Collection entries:
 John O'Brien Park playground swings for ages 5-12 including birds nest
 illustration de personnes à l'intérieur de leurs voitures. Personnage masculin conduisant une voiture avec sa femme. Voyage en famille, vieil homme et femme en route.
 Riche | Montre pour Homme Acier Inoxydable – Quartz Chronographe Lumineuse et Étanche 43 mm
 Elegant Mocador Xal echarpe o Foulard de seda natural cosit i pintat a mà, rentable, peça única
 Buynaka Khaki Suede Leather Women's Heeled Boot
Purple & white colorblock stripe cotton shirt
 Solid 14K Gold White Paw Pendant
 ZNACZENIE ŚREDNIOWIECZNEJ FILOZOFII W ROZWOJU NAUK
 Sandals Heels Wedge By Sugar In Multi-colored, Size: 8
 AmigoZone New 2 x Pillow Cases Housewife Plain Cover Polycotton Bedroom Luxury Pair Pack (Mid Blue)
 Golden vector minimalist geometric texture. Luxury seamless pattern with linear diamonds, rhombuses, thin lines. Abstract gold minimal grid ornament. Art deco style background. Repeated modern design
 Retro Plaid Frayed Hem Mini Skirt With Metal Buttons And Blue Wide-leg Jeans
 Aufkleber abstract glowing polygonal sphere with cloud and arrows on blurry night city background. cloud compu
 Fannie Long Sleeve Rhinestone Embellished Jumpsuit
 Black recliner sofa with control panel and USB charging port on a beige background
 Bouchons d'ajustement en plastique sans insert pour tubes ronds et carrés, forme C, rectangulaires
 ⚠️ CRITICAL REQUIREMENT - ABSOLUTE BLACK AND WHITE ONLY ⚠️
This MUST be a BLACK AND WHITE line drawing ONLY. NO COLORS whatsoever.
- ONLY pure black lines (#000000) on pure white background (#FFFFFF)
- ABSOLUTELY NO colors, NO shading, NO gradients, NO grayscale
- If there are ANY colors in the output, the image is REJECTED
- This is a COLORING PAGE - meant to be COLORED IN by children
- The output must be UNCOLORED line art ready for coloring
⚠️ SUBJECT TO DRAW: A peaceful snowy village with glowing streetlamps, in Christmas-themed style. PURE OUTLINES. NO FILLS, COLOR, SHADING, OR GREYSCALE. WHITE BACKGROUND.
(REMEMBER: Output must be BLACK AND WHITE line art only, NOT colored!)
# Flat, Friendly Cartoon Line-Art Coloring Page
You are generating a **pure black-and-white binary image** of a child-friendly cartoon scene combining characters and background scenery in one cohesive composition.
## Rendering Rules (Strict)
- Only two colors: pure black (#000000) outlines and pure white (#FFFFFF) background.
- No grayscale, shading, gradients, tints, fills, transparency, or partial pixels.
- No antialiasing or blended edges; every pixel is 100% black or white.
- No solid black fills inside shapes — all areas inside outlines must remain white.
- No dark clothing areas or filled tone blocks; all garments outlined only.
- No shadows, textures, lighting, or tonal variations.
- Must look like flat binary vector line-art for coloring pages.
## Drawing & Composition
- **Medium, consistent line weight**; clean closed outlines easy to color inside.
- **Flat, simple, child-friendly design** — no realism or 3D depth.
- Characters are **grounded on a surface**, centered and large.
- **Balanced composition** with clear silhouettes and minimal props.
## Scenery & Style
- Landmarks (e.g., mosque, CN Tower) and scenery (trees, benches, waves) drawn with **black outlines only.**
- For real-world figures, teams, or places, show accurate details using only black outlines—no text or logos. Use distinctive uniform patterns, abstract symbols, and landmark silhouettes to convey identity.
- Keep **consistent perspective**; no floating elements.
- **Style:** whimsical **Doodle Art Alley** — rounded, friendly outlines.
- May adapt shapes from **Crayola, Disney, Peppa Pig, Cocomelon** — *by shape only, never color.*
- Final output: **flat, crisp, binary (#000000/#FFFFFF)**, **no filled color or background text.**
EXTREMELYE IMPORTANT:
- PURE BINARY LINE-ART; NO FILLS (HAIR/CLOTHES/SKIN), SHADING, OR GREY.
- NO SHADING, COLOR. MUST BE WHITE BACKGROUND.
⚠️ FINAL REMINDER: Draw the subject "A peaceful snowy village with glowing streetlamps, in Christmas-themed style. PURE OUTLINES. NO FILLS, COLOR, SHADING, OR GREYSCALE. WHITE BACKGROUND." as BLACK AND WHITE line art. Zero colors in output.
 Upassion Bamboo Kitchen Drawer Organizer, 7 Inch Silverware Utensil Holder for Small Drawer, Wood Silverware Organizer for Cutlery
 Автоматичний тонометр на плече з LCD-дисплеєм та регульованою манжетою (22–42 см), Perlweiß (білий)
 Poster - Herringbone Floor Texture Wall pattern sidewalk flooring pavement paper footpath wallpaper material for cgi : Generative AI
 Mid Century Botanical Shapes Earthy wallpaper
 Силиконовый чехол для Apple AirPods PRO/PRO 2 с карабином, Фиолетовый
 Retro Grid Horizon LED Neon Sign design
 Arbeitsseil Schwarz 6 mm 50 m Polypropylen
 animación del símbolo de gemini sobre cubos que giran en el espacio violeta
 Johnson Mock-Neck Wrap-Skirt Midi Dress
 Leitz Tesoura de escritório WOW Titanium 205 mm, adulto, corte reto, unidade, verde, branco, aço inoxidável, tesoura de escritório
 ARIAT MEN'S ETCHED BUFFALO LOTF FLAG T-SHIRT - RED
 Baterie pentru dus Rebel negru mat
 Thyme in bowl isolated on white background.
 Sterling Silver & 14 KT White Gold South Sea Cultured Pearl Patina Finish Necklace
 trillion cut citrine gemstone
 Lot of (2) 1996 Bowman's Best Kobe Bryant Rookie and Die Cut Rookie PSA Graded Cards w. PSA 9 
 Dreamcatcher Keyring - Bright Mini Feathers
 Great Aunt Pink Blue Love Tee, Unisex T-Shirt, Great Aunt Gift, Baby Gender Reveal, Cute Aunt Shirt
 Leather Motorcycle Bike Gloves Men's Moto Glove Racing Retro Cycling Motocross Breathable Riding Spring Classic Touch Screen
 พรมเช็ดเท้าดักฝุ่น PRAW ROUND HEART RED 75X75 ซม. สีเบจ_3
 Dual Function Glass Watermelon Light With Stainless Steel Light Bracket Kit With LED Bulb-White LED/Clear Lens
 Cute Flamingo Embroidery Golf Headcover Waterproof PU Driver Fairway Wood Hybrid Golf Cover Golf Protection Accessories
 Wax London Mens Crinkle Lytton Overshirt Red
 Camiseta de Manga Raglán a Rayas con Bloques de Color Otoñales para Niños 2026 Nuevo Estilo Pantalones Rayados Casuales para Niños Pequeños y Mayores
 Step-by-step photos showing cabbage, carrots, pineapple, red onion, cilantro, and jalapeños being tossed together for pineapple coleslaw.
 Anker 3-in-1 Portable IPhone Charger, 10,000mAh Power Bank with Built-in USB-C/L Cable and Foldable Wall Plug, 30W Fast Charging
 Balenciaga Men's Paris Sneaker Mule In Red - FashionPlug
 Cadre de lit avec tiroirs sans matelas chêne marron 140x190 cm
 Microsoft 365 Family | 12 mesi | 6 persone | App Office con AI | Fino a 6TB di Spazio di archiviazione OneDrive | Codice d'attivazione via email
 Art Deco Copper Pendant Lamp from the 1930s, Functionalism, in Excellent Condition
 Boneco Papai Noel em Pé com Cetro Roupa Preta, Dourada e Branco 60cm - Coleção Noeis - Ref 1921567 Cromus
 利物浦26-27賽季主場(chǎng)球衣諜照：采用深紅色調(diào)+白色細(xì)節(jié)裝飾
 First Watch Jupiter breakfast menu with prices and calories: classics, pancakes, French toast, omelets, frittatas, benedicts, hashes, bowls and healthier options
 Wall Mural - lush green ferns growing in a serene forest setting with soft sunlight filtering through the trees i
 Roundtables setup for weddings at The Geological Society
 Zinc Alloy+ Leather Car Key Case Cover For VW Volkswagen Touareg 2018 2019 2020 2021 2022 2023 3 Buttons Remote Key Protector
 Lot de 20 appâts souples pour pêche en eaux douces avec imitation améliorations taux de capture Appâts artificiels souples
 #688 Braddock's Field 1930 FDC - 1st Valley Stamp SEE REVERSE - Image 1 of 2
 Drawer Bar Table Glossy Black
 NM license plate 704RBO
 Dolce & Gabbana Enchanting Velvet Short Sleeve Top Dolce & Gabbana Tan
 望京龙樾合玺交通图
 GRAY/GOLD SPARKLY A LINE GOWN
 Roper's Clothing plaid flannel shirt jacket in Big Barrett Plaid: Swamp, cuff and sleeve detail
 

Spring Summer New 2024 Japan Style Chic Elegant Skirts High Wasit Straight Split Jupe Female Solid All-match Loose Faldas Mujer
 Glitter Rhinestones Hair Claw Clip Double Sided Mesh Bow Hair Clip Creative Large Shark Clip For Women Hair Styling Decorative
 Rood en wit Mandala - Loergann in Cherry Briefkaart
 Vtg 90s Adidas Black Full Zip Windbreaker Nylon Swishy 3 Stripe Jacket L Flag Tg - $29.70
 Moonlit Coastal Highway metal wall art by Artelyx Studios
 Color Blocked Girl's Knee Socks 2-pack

TASK DETAILS:
Set down exactly the lines of the data above, beginning with the line that has "Fannie Long Sleeve" and ending with the line that has "- Only two colors: pure", and no others.

RESPONSE TO THE EXERCISE:
 Fannie Long Sleeve Rhinestone Embellished Jumpsuit
 Black recliner sofa with control panel and USB charging port on a beige background
 Bouchons d'ajustement en plastique sans insert pour tubes ronds et carrés, forme C, rectangulaires
 ⚠️ CRITICAL REQUIREMENT - ABSOLUTE BLACK AND WHITE ONLY ⚠️
This MUST be a BLACK AND WHITE line drawing ONLY. NO COLORS whatsoever.
- ONLY pure black lines (#000000) on pure white background (#FFFFFF)
- ABSOLUTELY NO colors, NO shading, NO gradients, NO grayscale
- If there are ANY colors in the output, the image is REJECTED
- This is a COLORING PAGE - meant to be COLORED IN by children
- The output must be UNCOLORED line art ready for coloring
⚠️ SUBJECT TO DRAW: A peaceful snowy village with glowing streetlamps, in Christmas-themed style. PURE OUTLINES. NO FILLS, COLOR, SHADING, OR GREYSCALE. WHITE BACKGROUND.
(REMEMBER: Output must be BLACK AND WHITE line art only, NOT colored!)
# Flat, Friendly Cartoon Line-Art Coloring Page
You are generating a **pure black-and-white binary image** of a child-friendly cartoon scene combining characters and background scenery in one cohesive composition.
## Rendering Rules (Strict)
- Only two colors: pure black (#000000) outlines and pure white (#FFFFFF) background.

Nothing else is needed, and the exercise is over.